3 minutes reading time
Review from a 3rd Grader Part 2: My day in Wrangell
In the afternoon we went to a town called Wrangell to see a dance presentation by the Tlingit natives, pronounced Klinkit. But before that we went to a museum called the Nolan Center. At the Nolan Center they had a bunch of history about their town. It was originally a native village and then prospectors came in and they founded the town of Wrangell, named after a Russian fur trader. There were a bunch of stuffed animals, especially a lot of birds. There were also stuffed moose heads with gigantic antlers. There was a section that had many native dolls, and many beaded baskets and such. Then there was a section on the gold rush. It told how people mined for gold, what tools they used and that there were barely any people who struck it rich. 40,000 people went to get gold, 4000 found gold, and only 400 struck it rich.
After we learned all this we went to the Chief Shakes tribal house for the dance presentation by the Tlingit. A man named Arthur Larsen came out to greet us. He had his dance costume on with his clan crests on the front, eagle and killer whale. When he danced he had boots on with beaded moccasins and he had deer hooves attached to the tops of the boots so that he could dance around and have clinking noises from the hooves and it acted like an instrument. On his hands he wore his father's harbor seal skin gloves.

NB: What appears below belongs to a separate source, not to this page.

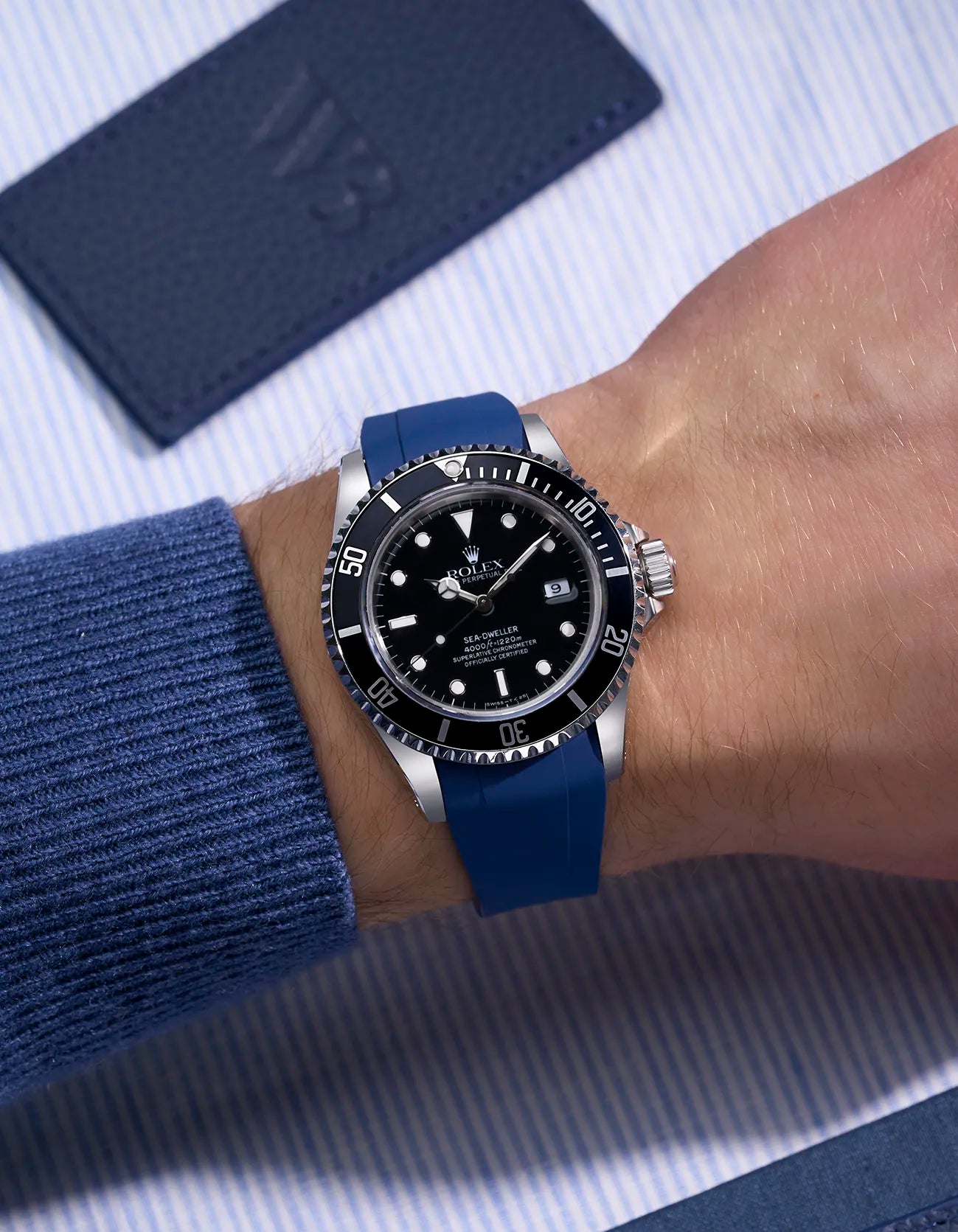 Rolex Sea-Dweller 16600 fitted with integrated blue FKM rubber strap and original clasp, worn on wrist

When we got in he introduced the rest of the dancers and they started their dance. It turns out the lodge was built by three women who sawed the boards by hand, they put them down, made the roof, and in Tlingit culture, women aren't as strong as men.
My favorite dance was the killer whale dance. All of the women were making ocean motions with their hands and the men were walking around lower down near the fire pit with one hand on their head like the dorsal fin and the other on their side like the pectoral fin. Every so often they would be dancing around and then one of them would stand on their tip-toes and lean their head back and blow like a blowhole. All of these were songs, although it sounded more like chanting. There was singing and drum beats.
The surprising thing was everybody was all volunteers even though they were Tlingit. Two of them were even kids and one of them was Cherokee. The other kid had a drum and a raven on the back of his robe. In Tlingit culture you take your mother's clan. For example, if your mother is a raven, you are a raven, and you must marry an eagle. If your mother is an eagle then you are an eagle and you must marry a raven. This tradition keeps it balanced. There was a mother and a son there and they both had the same crest on the back of their robes. After this presentation we went back to the boat. We had a very exciting day in Wrangell.